[SUPPLIED DATA Boundary: Start]

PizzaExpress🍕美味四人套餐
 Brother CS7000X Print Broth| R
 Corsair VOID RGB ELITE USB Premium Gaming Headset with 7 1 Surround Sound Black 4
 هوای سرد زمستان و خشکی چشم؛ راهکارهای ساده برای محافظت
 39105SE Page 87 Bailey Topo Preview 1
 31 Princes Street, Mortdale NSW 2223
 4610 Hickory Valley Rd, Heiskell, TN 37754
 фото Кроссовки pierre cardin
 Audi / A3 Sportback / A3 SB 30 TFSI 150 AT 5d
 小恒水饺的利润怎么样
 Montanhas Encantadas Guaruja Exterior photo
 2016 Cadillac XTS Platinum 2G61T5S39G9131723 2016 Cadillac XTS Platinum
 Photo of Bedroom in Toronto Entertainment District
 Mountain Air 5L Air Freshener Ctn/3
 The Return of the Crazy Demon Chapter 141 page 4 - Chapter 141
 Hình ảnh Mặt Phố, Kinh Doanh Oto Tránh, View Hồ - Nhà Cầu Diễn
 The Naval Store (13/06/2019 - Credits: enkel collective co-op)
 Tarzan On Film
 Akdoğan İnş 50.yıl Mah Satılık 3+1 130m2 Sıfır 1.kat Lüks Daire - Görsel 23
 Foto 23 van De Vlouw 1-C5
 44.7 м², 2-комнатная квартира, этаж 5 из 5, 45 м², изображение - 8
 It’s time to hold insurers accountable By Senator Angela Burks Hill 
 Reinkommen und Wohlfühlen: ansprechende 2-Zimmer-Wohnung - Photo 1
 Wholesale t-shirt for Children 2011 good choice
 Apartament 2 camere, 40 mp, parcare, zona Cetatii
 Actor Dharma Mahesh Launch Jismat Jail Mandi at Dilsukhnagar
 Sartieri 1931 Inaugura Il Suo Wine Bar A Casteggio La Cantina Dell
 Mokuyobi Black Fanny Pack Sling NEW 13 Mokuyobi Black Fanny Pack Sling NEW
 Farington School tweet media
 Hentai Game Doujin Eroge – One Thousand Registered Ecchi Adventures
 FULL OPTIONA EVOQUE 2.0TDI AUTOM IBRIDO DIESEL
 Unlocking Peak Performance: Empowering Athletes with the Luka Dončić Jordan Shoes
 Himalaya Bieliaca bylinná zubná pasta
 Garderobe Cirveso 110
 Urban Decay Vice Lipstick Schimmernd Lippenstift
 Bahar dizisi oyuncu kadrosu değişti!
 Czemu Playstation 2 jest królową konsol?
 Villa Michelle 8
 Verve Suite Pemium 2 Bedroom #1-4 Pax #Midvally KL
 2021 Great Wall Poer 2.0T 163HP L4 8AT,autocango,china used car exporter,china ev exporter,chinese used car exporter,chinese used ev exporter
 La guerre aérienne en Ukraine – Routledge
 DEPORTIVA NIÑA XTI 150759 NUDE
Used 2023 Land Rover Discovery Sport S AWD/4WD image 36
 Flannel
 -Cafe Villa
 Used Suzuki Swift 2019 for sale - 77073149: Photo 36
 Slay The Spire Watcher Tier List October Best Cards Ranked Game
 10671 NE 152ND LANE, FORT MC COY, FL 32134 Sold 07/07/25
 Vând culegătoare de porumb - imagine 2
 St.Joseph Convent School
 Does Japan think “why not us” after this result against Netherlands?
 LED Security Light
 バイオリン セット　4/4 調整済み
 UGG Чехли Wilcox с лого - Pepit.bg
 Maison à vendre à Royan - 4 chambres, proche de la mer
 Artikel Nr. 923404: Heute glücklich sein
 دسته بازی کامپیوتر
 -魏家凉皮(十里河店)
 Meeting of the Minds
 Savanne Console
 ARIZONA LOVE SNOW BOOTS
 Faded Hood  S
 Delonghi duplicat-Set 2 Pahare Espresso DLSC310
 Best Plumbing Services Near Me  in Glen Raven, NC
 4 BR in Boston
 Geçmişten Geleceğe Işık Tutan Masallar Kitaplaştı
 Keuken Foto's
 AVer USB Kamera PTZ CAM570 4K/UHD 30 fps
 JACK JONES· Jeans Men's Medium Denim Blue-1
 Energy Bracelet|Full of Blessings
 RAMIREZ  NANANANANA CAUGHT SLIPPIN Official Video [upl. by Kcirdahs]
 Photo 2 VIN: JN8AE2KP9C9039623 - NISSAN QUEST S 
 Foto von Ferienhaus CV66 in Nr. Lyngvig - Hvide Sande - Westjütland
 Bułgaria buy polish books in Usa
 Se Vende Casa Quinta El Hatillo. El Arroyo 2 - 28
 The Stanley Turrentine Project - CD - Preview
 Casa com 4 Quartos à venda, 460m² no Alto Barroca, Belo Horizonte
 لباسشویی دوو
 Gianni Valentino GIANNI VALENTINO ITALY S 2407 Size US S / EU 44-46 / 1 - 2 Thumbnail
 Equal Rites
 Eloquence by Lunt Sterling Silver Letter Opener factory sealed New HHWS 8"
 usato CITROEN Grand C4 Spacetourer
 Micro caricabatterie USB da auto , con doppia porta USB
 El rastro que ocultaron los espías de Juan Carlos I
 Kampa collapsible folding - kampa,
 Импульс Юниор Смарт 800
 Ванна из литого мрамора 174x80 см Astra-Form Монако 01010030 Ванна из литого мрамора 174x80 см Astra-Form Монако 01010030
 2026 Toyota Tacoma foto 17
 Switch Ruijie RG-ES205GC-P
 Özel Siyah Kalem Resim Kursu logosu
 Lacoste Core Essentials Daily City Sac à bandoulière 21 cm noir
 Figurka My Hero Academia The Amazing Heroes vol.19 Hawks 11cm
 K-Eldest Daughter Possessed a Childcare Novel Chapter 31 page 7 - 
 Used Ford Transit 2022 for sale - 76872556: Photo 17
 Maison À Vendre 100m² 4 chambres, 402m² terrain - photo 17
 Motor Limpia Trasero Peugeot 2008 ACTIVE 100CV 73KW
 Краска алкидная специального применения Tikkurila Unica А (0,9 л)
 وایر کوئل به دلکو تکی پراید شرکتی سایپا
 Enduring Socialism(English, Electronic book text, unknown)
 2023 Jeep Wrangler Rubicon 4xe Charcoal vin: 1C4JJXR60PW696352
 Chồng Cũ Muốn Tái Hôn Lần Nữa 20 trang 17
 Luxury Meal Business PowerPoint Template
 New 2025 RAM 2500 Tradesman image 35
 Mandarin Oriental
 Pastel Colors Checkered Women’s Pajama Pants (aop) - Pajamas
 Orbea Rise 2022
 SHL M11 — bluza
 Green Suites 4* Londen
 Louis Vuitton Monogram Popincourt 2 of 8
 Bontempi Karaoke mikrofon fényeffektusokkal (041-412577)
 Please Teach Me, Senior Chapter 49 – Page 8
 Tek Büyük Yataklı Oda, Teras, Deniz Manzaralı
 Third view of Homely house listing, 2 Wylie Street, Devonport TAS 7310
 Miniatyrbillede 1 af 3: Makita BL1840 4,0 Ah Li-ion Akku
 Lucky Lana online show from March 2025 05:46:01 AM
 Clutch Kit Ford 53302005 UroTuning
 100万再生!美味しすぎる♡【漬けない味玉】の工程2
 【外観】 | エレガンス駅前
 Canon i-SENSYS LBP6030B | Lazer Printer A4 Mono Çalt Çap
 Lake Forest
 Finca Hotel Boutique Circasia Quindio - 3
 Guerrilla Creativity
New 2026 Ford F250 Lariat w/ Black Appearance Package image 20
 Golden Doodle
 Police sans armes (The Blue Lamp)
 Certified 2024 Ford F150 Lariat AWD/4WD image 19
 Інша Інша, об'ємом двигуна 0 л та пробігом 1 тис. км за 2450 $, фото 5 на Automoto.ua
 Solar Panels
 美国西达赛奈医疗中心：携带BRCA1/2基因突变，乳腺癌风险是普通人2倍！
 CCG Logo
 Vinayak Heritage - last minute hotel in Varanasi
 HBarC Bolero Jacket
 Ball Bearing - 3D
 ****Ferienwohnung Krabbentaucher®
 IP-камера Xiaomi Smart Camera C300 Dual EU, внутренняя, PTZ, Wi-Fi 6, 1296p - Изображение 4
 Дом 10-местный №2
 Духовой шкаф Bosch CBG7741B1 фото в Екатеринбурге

[SUPPLIED DATA Boundary: End]

▸ **WHAT THE TASK ASKS**
Begin at the top of the records above and quote each line exactly, ending with the line that contains "Mokuyobi Black Fanny Pack Sling NEW 13".

▸ **TASK RESPONSE**
PizzaExpress🍕美味四人套餐
 Brother CS7000X Print Broth| R
 Corsair VOID RGB ELITE USB Premium Gaming Headset with 7 1 Surround Sound Black 4
 هوای سرد زمستان و خشکی چشم؛ راهکارهای ساده برای محافظت
 39105SE Page 87 Bailey Topo Preview 1
 31 Princes Street, Mortdale NSW 2223
 4610 Hickory Valley Rd, Heiskell, TN 37754
 фото Кроссовки pierre cardin
 Audi / A3 Sportback / A3 SB 30 TFSI 150 AT 5d
 小恒水饺的利润怎么样
 Montanhas Encantadas Guaruja Exterior photo
 2016 Cadillac XTS Platinum 2G61T5S39G9131723 2016 Cadillac XTS Platinum
 Photo of Bedroom in Toronto Entertainment District
 Mountain Air 5L Air Freshener Ctn/3
 The Return of the Crazy Demon Chapter 141 page 4 - Chapter 141
 Hình ảnh Mặt Phố, Kinh Doanh Oto Tránh, View Hồ - Nhà Cầu Diễn
 The Naval Store (13/06/2019 - Credits: enkel collective co-op)
 Tarzan On Film
 Akdoğan İnş 50.yıl Mah Satılık 3+1 130m2 Sıfır 1.kat Lüks Daire - Görsel 23
 Foto 23 van De Vlouw 1-C5
 44.7 м², 2-комнатная квартира, этаж 5 из 5, 45 м², изображение - 8
 It’s time to hold insurers accountable By Senator Angela Burks Hill 
 Reinkommen und Wohlfühlen: ansprechende 2-Zimmer-Wohnung - Photo 1
 Wholesale t-shirt for Children 2011 good choice
 Apartament 2 camere, 40 mp, parcare, zona Cetatii
 Actor Dharma Mahesh Launch Jismat Jail Mandi at Dilsukhnagar
 Sartieri 1931 Inaugura Il Suo Wine Bar A Casteggio La Cantina Dell
 Mokuyobi Black Fanny Pack Sling NEW 13 Mokuyobi Black Fanny Pack Sling NEW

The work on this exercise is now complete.